A US judge cancels a hearing in the case of a former professor and Palestinian activist once accused of running the North American operations of a terrorist group.
Judge calls off hearing
WASHINGTON // A US judge unexpectedly cancelled a hearing scheduled for yesterday in the case of Sami al Arian, a former professor and Palestinian activist once accused of running the North American operations of a terrorist group and now facing criminal charges for refusing to testify in separate investigations. Al Arian faces criminal contempt charges for refusing to testify in two grand jury investigations in Northern Virginia. His lawyers say the charges should be dropped because forcing him to testify violated a 2006 plea bargain he struck with prosecutors in Florida.
Leonie Brinkema, a federal judge, last month suggested the deal may not have been in good faith if prosecutors were already planning to subpoena al Arian, who believed his plea would lead to swift deportation. On Thursday, Judge Brinkema cancelled the hearing at which she was expected to rule on al Arian's petition to dismiss the case, saying she had all the evidence she needed and that "additional oral argument will not aid the decisional process".
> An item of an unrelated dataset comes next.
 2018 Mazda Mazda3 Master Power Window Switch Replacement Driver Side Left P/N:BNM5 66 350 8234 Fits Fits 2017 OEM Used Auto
She promised to issue a written ruling "in the near future". Outside the justice department in Washington, DC, about two dozen supporters of al Arian, including his family, campaigned yesterday for his release. Al Arian was born in Kuwait to Palestinian refugees and has lived in the United States since 1975. He was a tenured professor of computer science at the University of South Florida in Tampa at the time of his much-publicised arrest in Feb 2003 on terrorism charges, stemming from his alleged links to Palestinian Islamic Jihad (PIJ), a group the United States designates a terrorist organisation.
An ardent activist for Palestinian independence who had campaigned for George W Bush during the 2000 election and been invited to the White House in 2001, al Arian had by the time of his arrest already defended a statement in 1991 in which he called for "death to Israel", saying he meant an end to Israeli occupation, not the murder of civilians. The US government further alleged that he had praised the acts of suicide bombers and condemned the United States. Still, a jury in 2005 acquitted al Arian of eight terrorism-related charges and remained deadlocked on the other nine, with 10 of the 12 jurors favouring acquittal on all charges, according to local media.
Al Arian agreed to a plea bargain in 2006 because, he has said, he wanted to avoid a lengthy and costly retrial. He pleaded guilty to one count of conspiring to assist the PIJ and the prosecution agreed to recommend the minimum sentence - the time he had already served in prison - followed by a speedy deportation. The sentencing judge, James S Moody Jr, however, ordered the maximum sentence of 57 months, less the three years he had already served and called him a "master manipulator".
Mr Moody mocked the defendant's claim of charitable work: "Your only connection to widows and orphans is that you create them, even among the Palestinians," he is quoted as saying in a transcript of the sentencing hearing. Over the next two years al Arian was summoned by Gordon Kromberg, a US assistant attorney, to testify in three grand juries investigating terrorism ties to Muslim groups in Northern Virginia. He refused in all cases on the advice of his lawyers.
Al Arian has been under house arrest since September, when he was released from jail after five-and-half years, much of which he spent in solitary confinement under conditions Amnesty International has called "beyond what were necessary" and "indicative of a pattern of abuse based on his political or ethnic profile". For some of his supporters, the case exemplifies post-September 11 antiterrorism efforts that undermined themselves by going too far. For others, it is proof of an inherent, anti-Muslim bias in the US judicial system.
"I know what's happened to him has happened to a lot of people and could happen to any one of us," said Mel Underbakke, a former colleague of al Arian's at the University of south Florida, describing al Arian's years of imprisonment and legal battles as "the denial of rights that are guaranteed by our constitution". Lawyers for al Arian would not comment, citing court rules. A spokesman for the US attorney's office also would not comment on the case.